La mission nucléaire a également permis de développer de nombreuses compétences qui irriguent la base industrielle de technologie et de défense de notre pays. Certains programmes majeurs développés au profit des FAS concourent ou ont concouru à des applications directes dans des programmes civils ou militaires conventionnels. Ainsi la conception du Mirage IV a permis aux industriels français de maîtriser le vol en supersonique, ce qui limita d'autant la phase de développement d'autres aéronefs supersoniques militaires ou civils.
Plus récemment, le programme ASMP-A et la feuille de route nucléaire aéroportée constituent un des piliers techniques qui soutient la filière des missiles tactiques avec, d'une part, des technologies relatives à la propulsion – je pense notamment à la maîtrise du statoréacteur – et, d'autre part des technologies propres à la fonction terminale des missiles – guidage précis sur objectif et capacité de pénétration – qui ont permis l'adaptation aux missiles conventionnels de type SCALP. Les répercussions se retrouvent dans les domaines d'emplois. Comme vous le savez, il est assez facile de brouiller un système GPS. Lorsque j'assure à mes homologues que nos unités continuent à s'entraîner pour des actions dans des environnements denses sans GPS car elles doivent être en mesure d'agir en toute autonomie, ils sont éberlués et regrettent a posteriori d'avoir abandonné ce type de recherches. Mais nous-mêmes les aurions probablement abandonnées sans la mission de dissuasion.

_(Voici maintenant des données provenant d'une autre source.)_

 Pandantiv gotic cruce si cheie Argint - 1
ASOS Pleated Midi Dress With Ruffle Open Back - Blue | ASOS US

Je souligne également que les technologies développées avec les missiles intercontinentaux ont contribué au développement de la filière spatiale et des fusées Ariane.

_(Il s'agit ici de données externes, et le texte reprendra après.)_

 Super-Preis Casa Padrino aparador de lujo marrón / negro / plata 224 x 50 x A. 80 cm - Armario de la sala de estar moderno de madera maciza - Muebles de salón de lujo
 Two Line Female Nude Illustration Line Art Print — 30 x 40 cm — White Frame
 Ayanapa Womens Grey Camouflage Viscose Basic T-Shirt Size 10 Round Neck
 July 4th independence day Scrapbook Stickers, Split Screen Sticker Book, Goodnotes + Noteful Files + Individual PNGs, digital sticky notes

Finalement, et contrairement à ce qu'affirment certains observateurs dont d'anciens militaires, la dissuasion, au lieu d'avoir un effet d'éviction des capacités conventionnelles, les alimente et les tire vers le haut. En réalité, l'effet d'éviction se produirait si nous renoncions à la capacité de dissuasion, avec des choix moins ambitieux uniquement dictés par des considérations budgétaires. Je pense notamment aux débats que nous avons eus concernant le satellite d'observation électromagnétique CERES. Sans sa contribution à la dissuasion, cet équipement ne serait pas prévu par la loi de programmation militaire (LPM) et nous aurions de grandes difficultés à programmer nos systèmes de guerre électronique.
Pour terminer, je voudrais évoquer l'avenir de la composante aéroportée afin d'éclairer votre réflexion. Trois questions se posent : quel sera le futur porteur – Rafale ou autre ? Quel sera le futur vecteur ? Quelles seront les futures têtes nucléaires ?
À cet égard, vous devez retenir que les LPM antérieures et celle en vigueur ont permis de renouveler ces dernières années les moyens de la composante aéroportée, porteur, vecteur et têtes nucléaires. La composante aéroportée dispose désormais du potentiel lui permettant de durer jusqu'à l'horizon 2035. Il reste seulement à moderniser le dernier escadron de Mirage 2000 N qui passera sur Rafale, et les tankers. Dans ces conditions, sur les dix prochaines années, l'investissement à consentir au profit de la composante aéroportée ne représente que 7 % du budget de la dissuasion, pourcentage qui intègre notamment le MCO des appareils utilisés aussi à d'autres missions. En ne retenant que la part propre au nucléaire stricto sensu, l'effort ne représente que 3,5 % du budget de la dissuasion.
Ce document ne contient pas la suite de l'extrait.